--- START ---

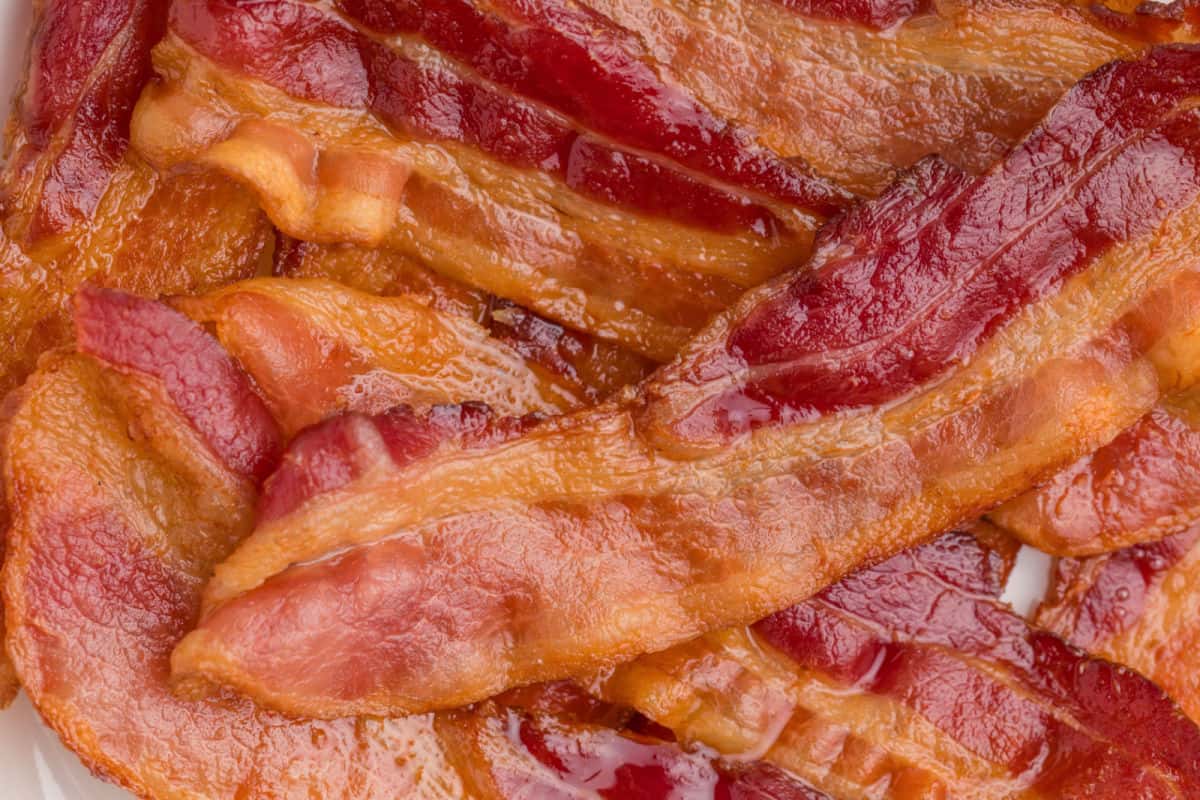Close-up image of several cooked bacon strips overlapping each other, showing crispy, reddish-brown texture and shiny surface.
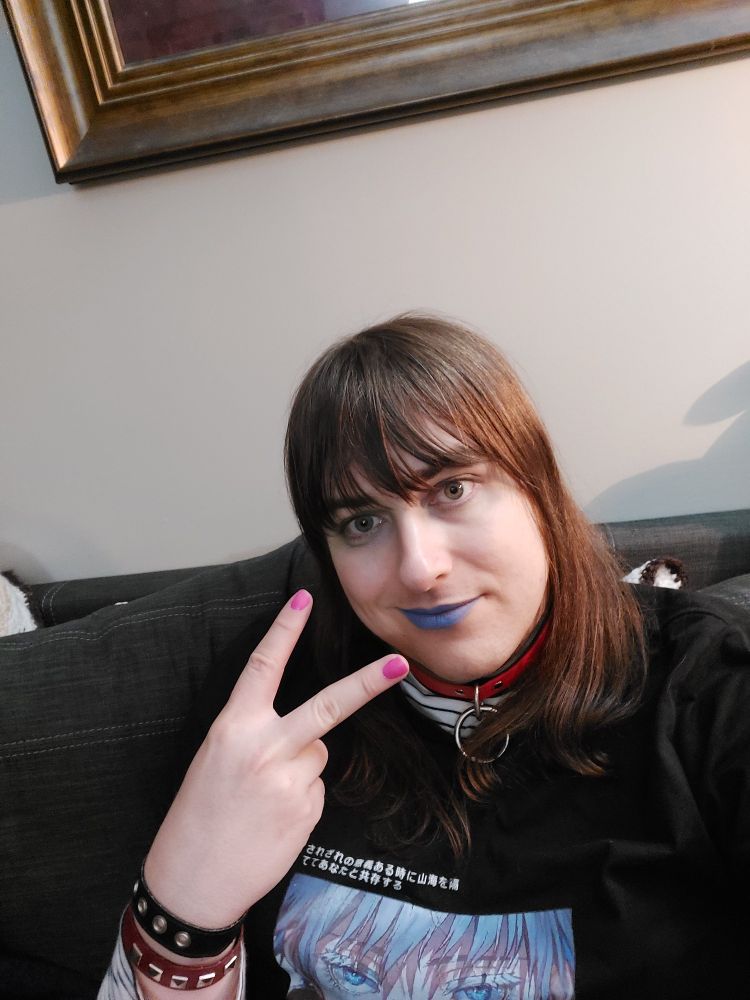 E boi style enby with a collar, multiple wrist bands, an anime t-shirt with a poem in Japanese over a stripped long sleeve shirt, pink nails, and blue lipstick smiling to the camera and showing the peace sign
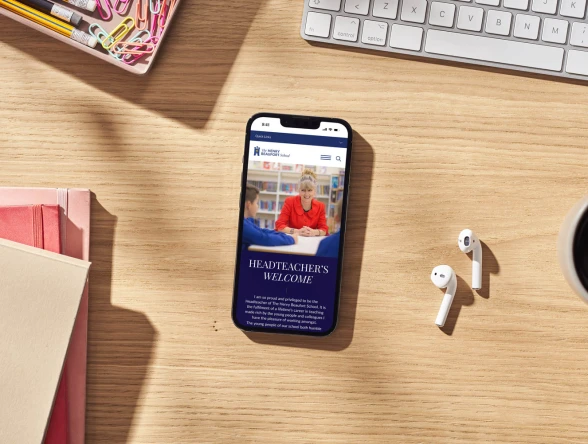 Smartphone showing the school's website on a wooden desk beside stationery, earphones and a coffee cup
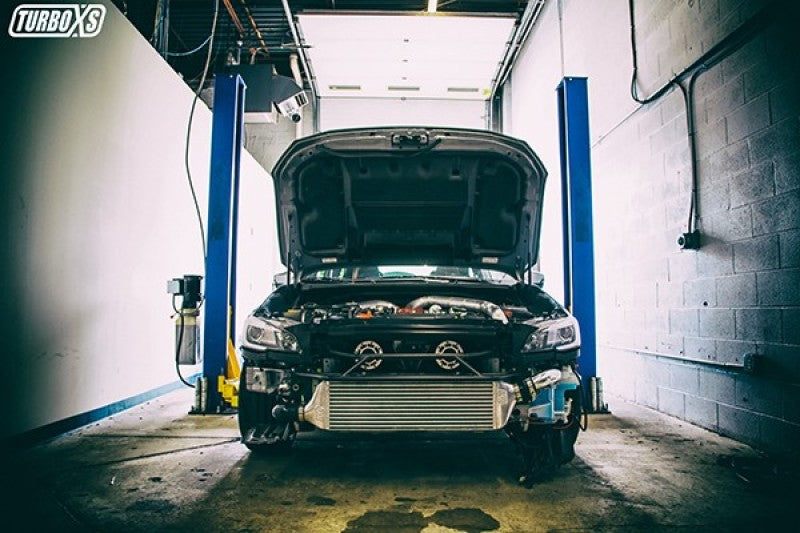 Turbo XS FMIC 2015-2017 Subaru STi - Wrinkle Red Pipes installed in a Subaru STi on a lift with engine hood open.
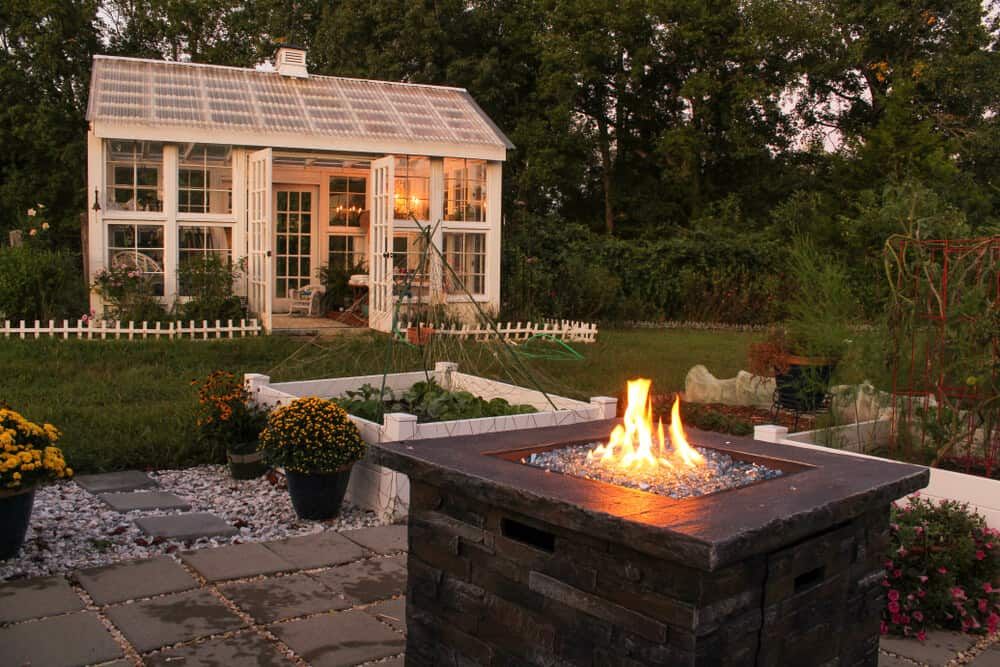 A backyard in the early evening with a fire burning in a square pit and a bright greenhouse behind it, surrounded by plants and flowers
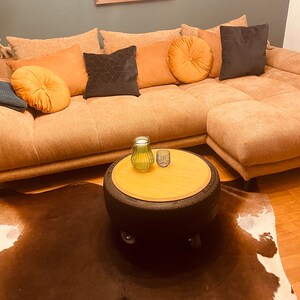 Könnte beinhalten: Ein brauner Kuhfellteppich mit einem Reifen-Couchtisch mit einer Holzplatte. Der Tisch hat eine grüne Glasvase und einen Kerzenhalter aus Metall darauf. Der Tisch steht vor einem braunen Ecksofa mit mehreren Kissen.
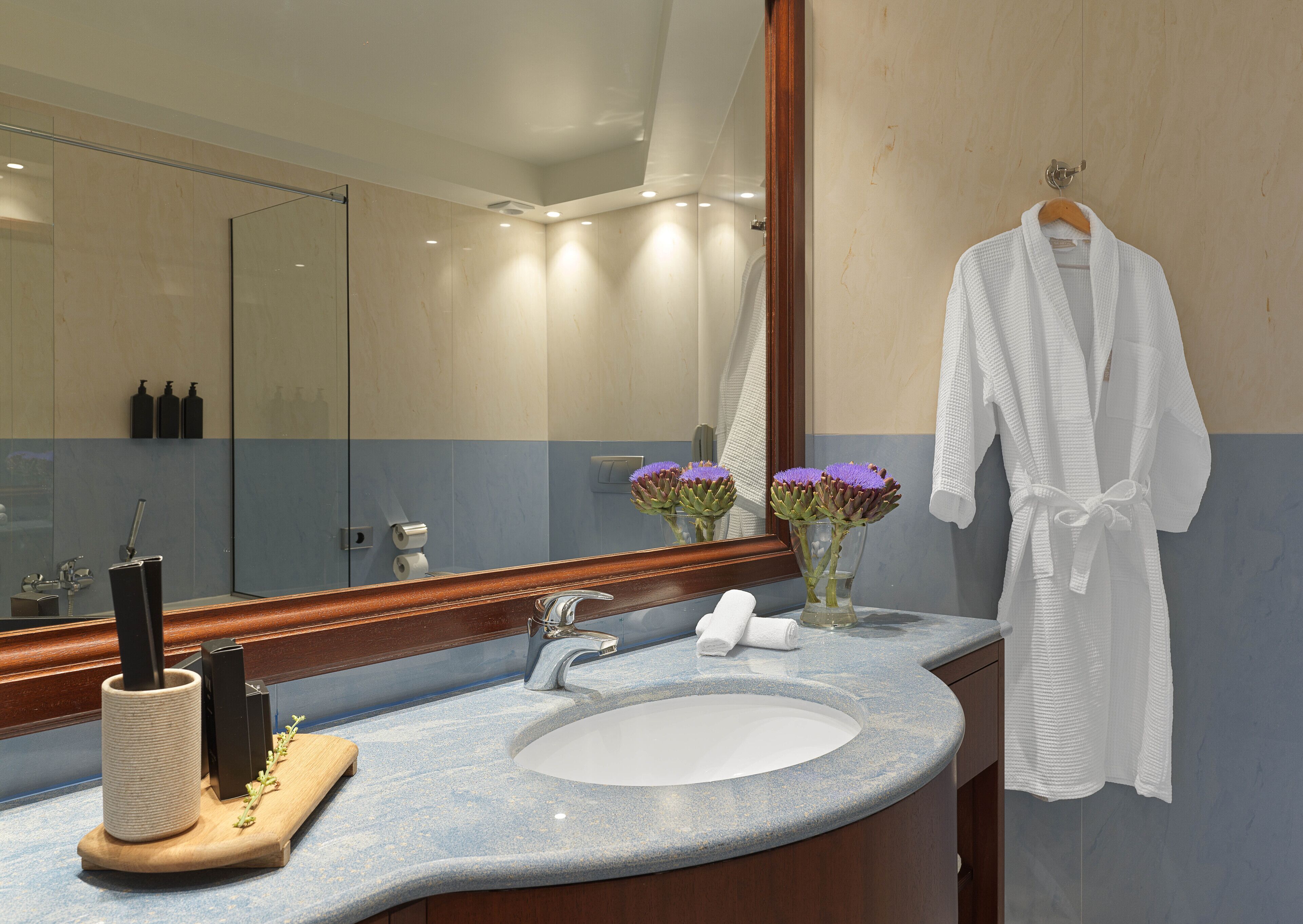 Une salle de bain avec un grand miroir, un lavabo, un plateau en bois avec une brosse, et une robe accrochée au mur.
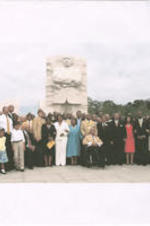 A digital photo printed on computer paper showing Joseph E. Lowery and others gathered in front of the Martin Luther King, Jr. Memorial statue in Washington, D.C.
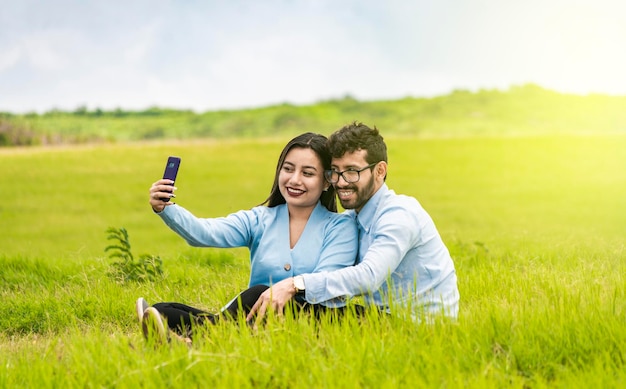 Couple souriant amoureux assis sur l'herbe prenant des selfies Jeune couple amoureux prenant un selfie sur le terrain Personnes amoureuses prenant des selfies sur le terrain avec leur smartphone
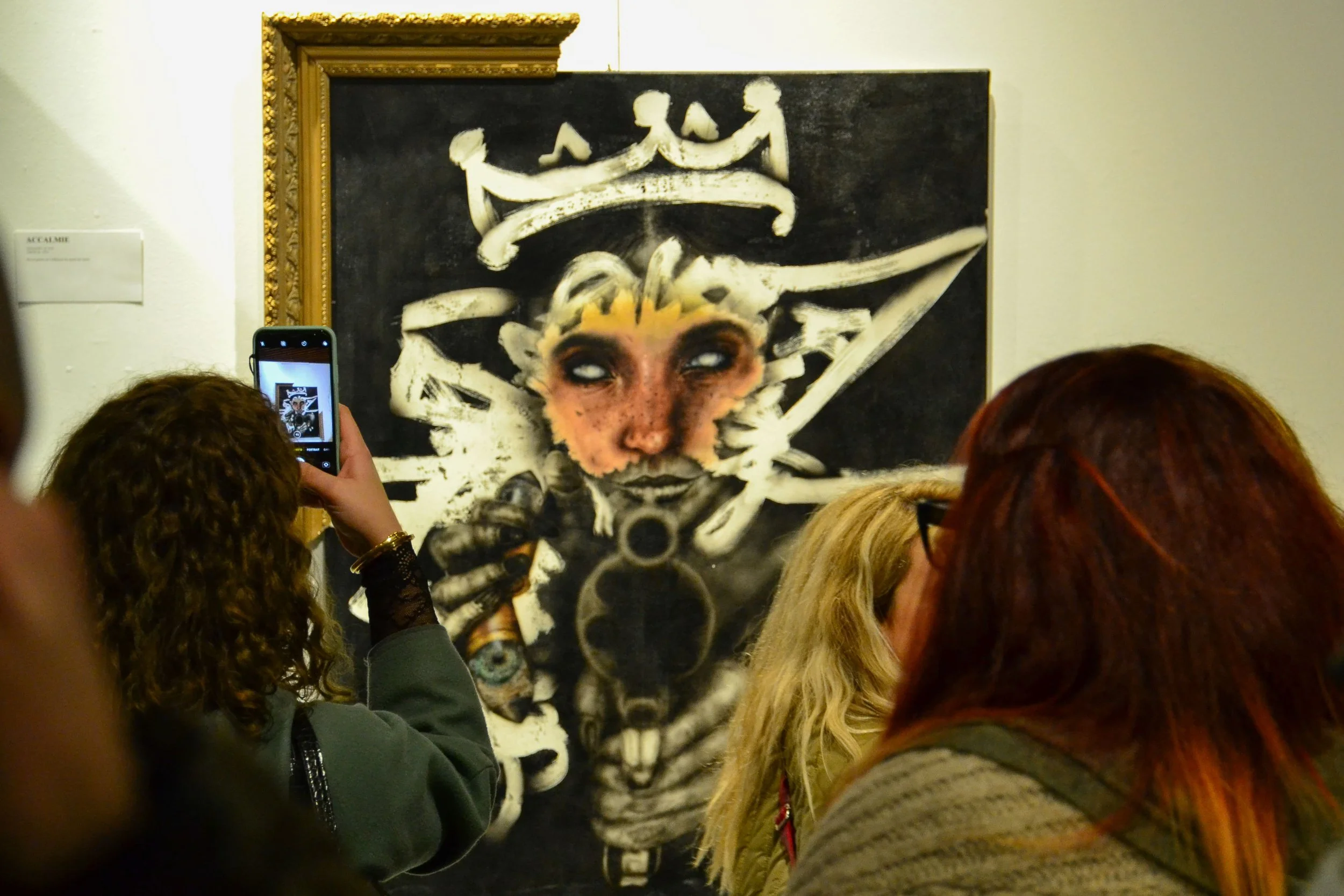 Une œuvre d'art représentant une figure humaine avec un visage déformé, portant un chapeau orné de motifs, exposée dans un musée avec plusieurs personnes qui prennent des photos ou regardent l'œuvre.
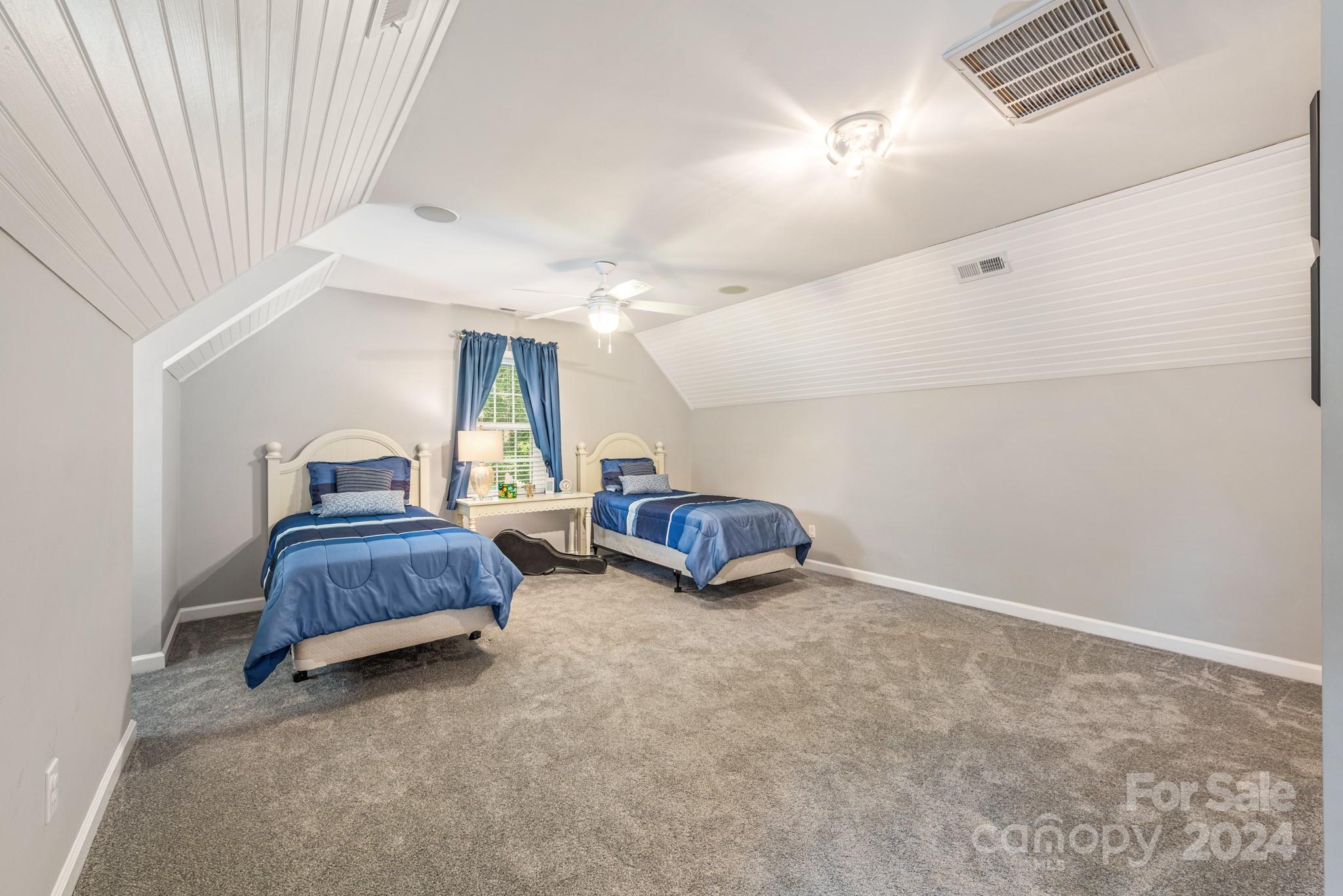 16711 Jetton Road Cornelius, NC 28031 - Photo 17 of 27 a living room with furniture and a window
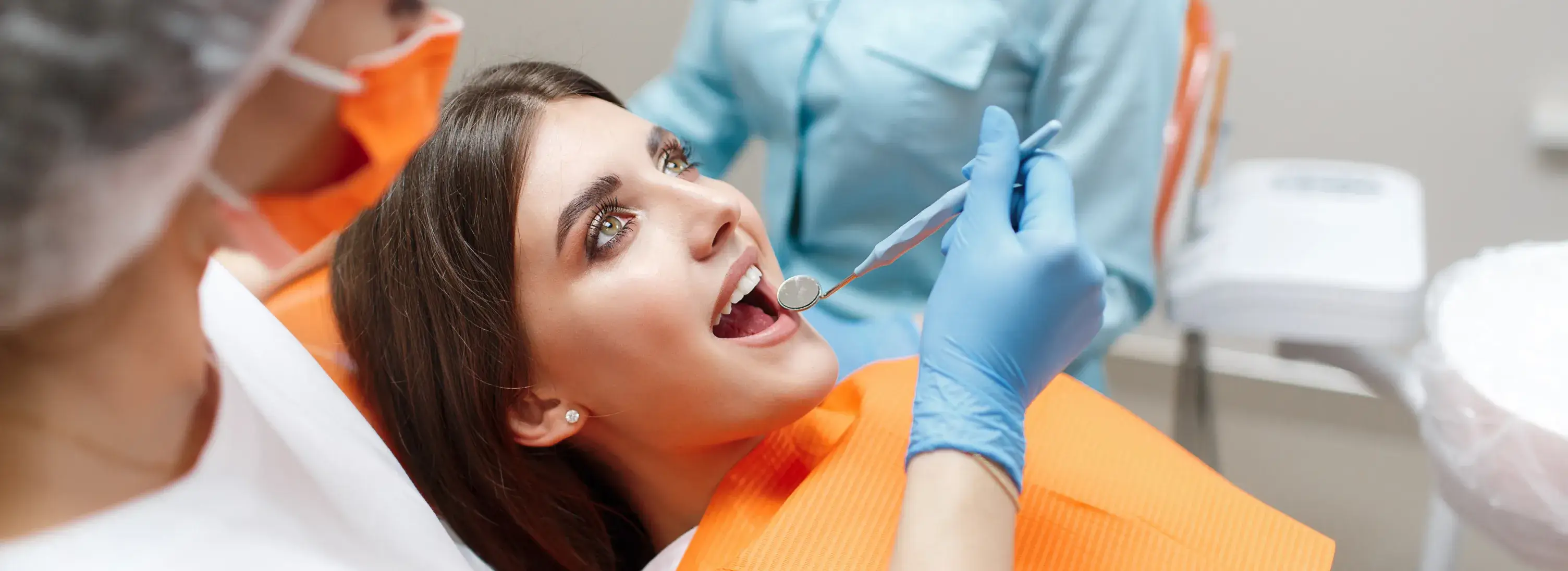 A woman getting her teeth checked by a dentist.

--- END ---

TASK DIRECTIONS →
Copy the lines above exactly. Do not include pictures.

TASK RESPONSE →
Close-up image of several cooked bacon strips overlapping each other, showing crispy, reddish-brown texture and shiny surface.
 E boi style enby with a collar, multiple wrist bands, an anime t-shirt with a poem in Japanese over a stripped long sleeve shirt, pink nails, and blue lipstick smiling to the camera and showing the peace sign
 Smartphone showing the school's website on a wooden desk beside stationery, earphones and a coffee cup
 Turbo XS FMIC 2015-2017 Subaru STi - Wrinkle Red Pipes installed in a Subaru STi on a lift with engine hood open.
 A backyard in the early evening with a fire burning in a square pit and a bright greenhouse behind it, surrounded by plants and flowers
 Könnte beinhalten: Ein brauner Kuhfellteppich mit einem Reifen-Couchtisch mit einer Holzplatte. Der Tisch hat eine grüne Glasvase und einen Kerzenhalter aus Metall darauf. Der Tisch steht vor einem braunen Ecksofa mit mehreren Kissen.
 Une salle de bain avec un grand miroir, un lavabo, un plateau en bois avec une brosse, et une robe accrochée au mur.
 A digital photo printed on computer paper showing Joseph E. Lowery and others gathered in front of the Martin Luther King, Jr. Memorial statue in Washington, D.C.
 Couple souriant amoureux assis sur l'herbe prenant des selfies Jeune couple amoureux prenant un selfie sur le terrain Personnes amoureuses prenant des selfies sur le terrain avec leur smartphone
 Une œuvre d'art représentant une figure humaine avec un visage déformé, portant un chapeau orné de motifs, exposée dans un musée avec plusieurs personnes qui prennent des photos ou regardent l'œuvre.
 16711 Jetton Road Cornelius, NC 28031 - Photo 17 of 27 a living room with furniture and a window
 A woman getting her teeth checked by a dentist.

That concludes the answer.